COLLUVIUM IN THE APPALACHIAN PLATEAU PHYSIOGRAPHIC PROVINCE OF PENNSYLVANIA, WEST VIRGINIA AND OHIO

The Appalachian Plateau Physiographic Province is the largest landslide risk area on the United States Landslide Hazard Map. This distinction is the result of bedrock geology and precipitation. Rocks are generally flat lying interbedded Paleozoic age claystone, shale and sandstone with a few limestone and coal seams. Weathering of rocks in valley walls plus downslope creep and sliding of the weathering products, particularly those derived from claystone and shale, produce colluvial masses of various thicknesses and lateral extents which exist in states of marginal equilibrium on many, if not most slopes.

Most of the present slope stability problems in the region involve slump type slides, or slow earthflows of colluvial soil. The precarious equilibrium of these masses is frequently upset by man’s activities, e.g., removal of toe support, loading the slope, or changing surface and subsurface drainage. Abnormally high precipitation also initiates movement of colluvial masses.

The colluvial soil tends to be stiff to hard, with no discernible layering or structure. However, creep and sliding processes create a series of shear surfaces within the soil mass and at the soil-rock interface.

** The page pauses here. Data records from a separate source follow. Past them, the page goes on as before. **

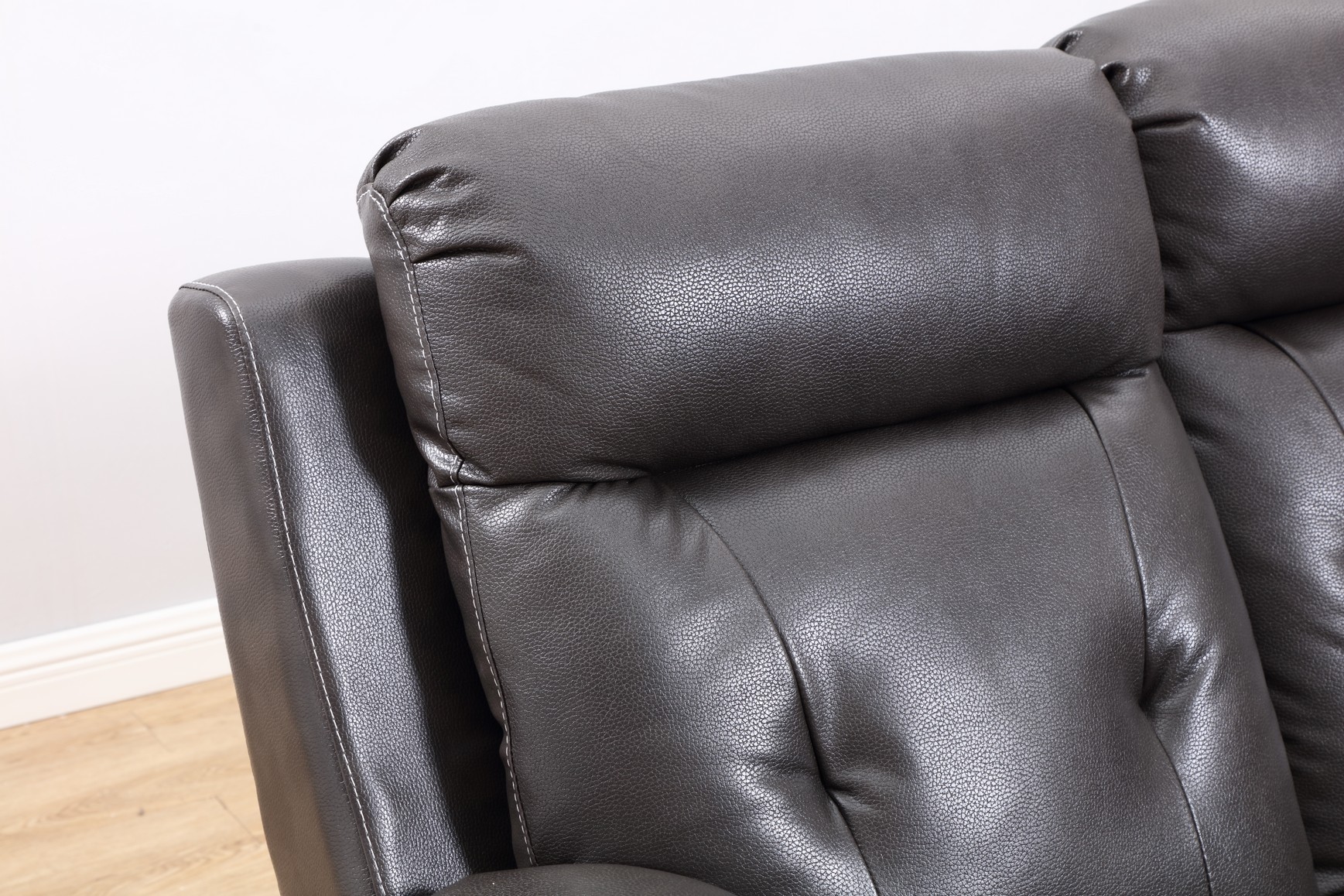 GUF 9443 Sectional with Power Recliners - Dark Gray, Leather Air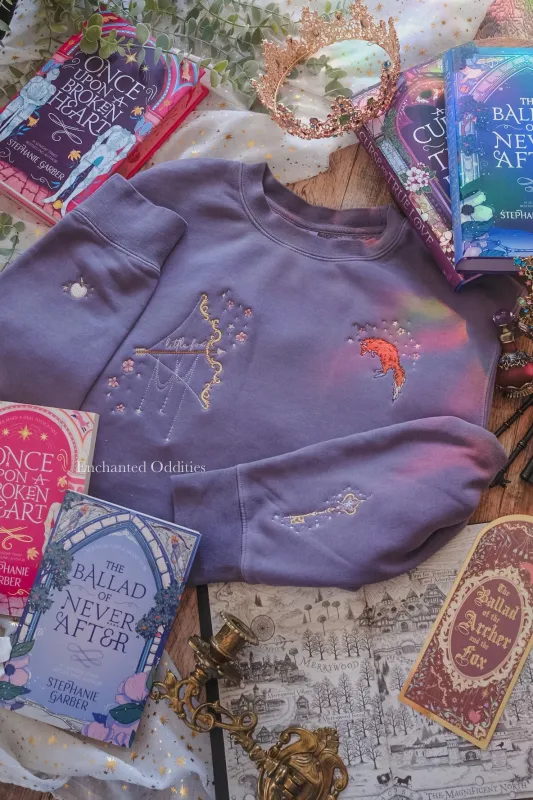 *IMPERFECT* Archer & the Fox crewneck in Purple (with back embroidery) sold by Enchanted Oddities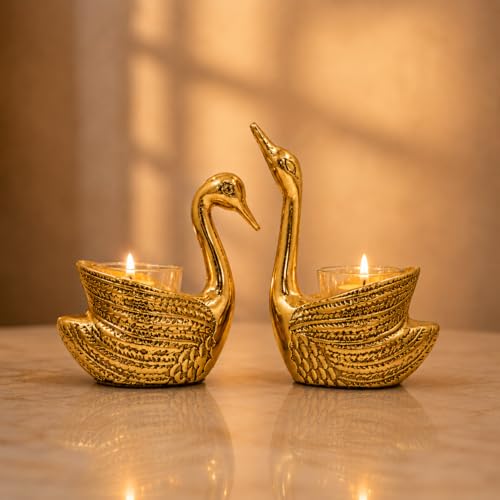 Image of CraftVatika Anniversary Wedding Gifts for Couple Marriage Gifts,Aluminium Swan Pair Candle Holder Stand for Home Decor, Return Gift for Adults, Home Decoration Items House Warming Gifts New Home.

Due to slope creep the colluvium exhibits residual strength characterized by negligible cohesion intercepts and friction angles of 8° - 20°. Measured residual friction angles for most claystone derived colluvium are on the order of 11° - 16°.

Geotechnical engineers have understood the formation of colluvium and its resulting low shear strength since the late 1960’s. These specialists have generously shared their knowledge through technical papers, workshops and field trips. Yet numerous slides occur because some geologists and geotechnical engineers do not recognize the unique properties of colluvium.